• Complaint Alleges Kids at Durham Youth Home Denied Education
  • Carolina Ballet Finds a New Home in Cary
  • ICYMI: Rising Wages and Durham’s Budget
  • How Did Triangle Towns Respond to Public Records Requests?
  • Help Plant 24,000 Trees in Raleigh
Credit: Illustration by Nicole Pajor Moore

Good morning, readers.

Students detained at Durham’s juvenile detention facility are supposed to get up to six hours of instruction a day. Last year, an advocacy group visited the facility and found they’ve been getting closer to 30 minutes.

That finding is now at the center of a state investigation. Last week, North Carolina’s Department of Public Instruction announced that it would examine whether Durham Public Schools has failed to educate disabled students at the Durham County Youth Home, a 36-bed facility on Broad Street. Disabled students are the focus of the investigation, in part because they are legally entitled under federal law to instruction tailored to their individual needs.

In December, the ACLU of North Carolina and Duke’s Children’s Law Clinic filed an initial complaint with the state and were turned away at first for lack of evidence. After the groups refiled last month with a report from Disability Rights NC, the state’s federally designated disability advocacy organization, the state agreed to look into it. 

Durham Public Schools and the Youth Home are both county-run but have offered differing accounts of who’s responsible for students’ time in the classroom.

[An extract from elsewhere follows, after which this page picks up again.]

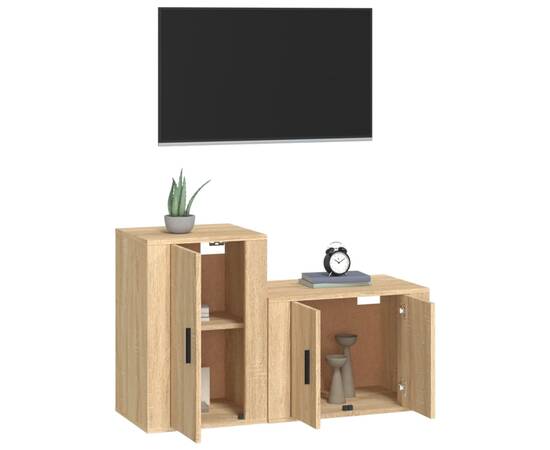Set dulap tv, 2 piese, stejar sonoma, lemn prelucrat, 3 image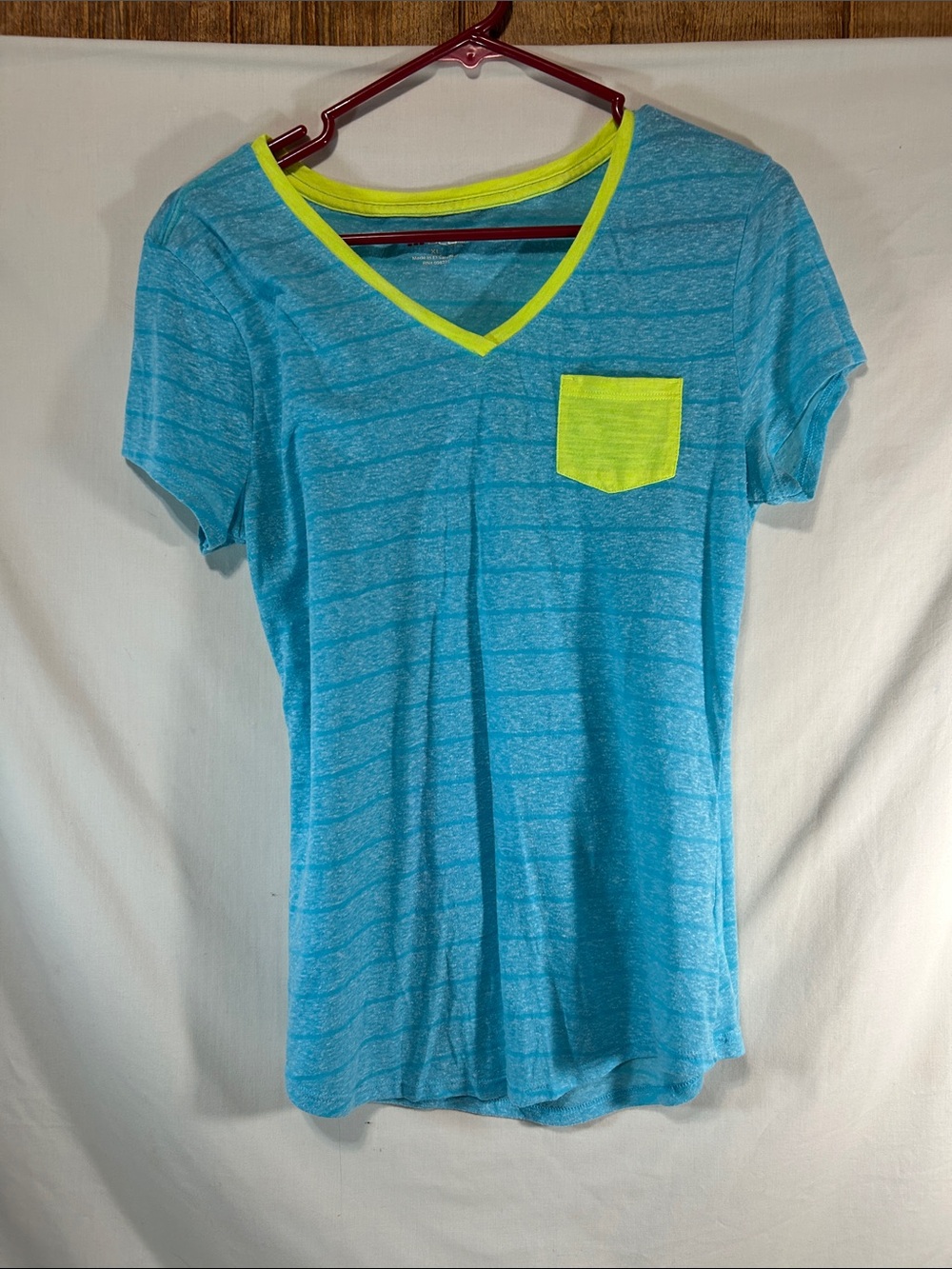 bcg Blue Striped V-Neck Tee with Neon Yellow Pocket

Read more below. Have a good Wednesday.

—Lena

The latest from INDY, plus other stories around the state you’ll want to read. Handpicked every day by INDY Editor-in-Chief Sarah Willets.

Curtain Call

Carolina Ballet is set to start a new chapter in a Cary mixed-use development that will also include shops and cafes, Jasmine Gallup writes for the INDY.


Credit: Courtesy of the City of Durham

On a Budget

The City of Durham’s minimum wage, which is tied to housing costs, is expected to jump by four times the typical increase, adding to an already tough budget season, the INDY’s Justin Laidlaw reports.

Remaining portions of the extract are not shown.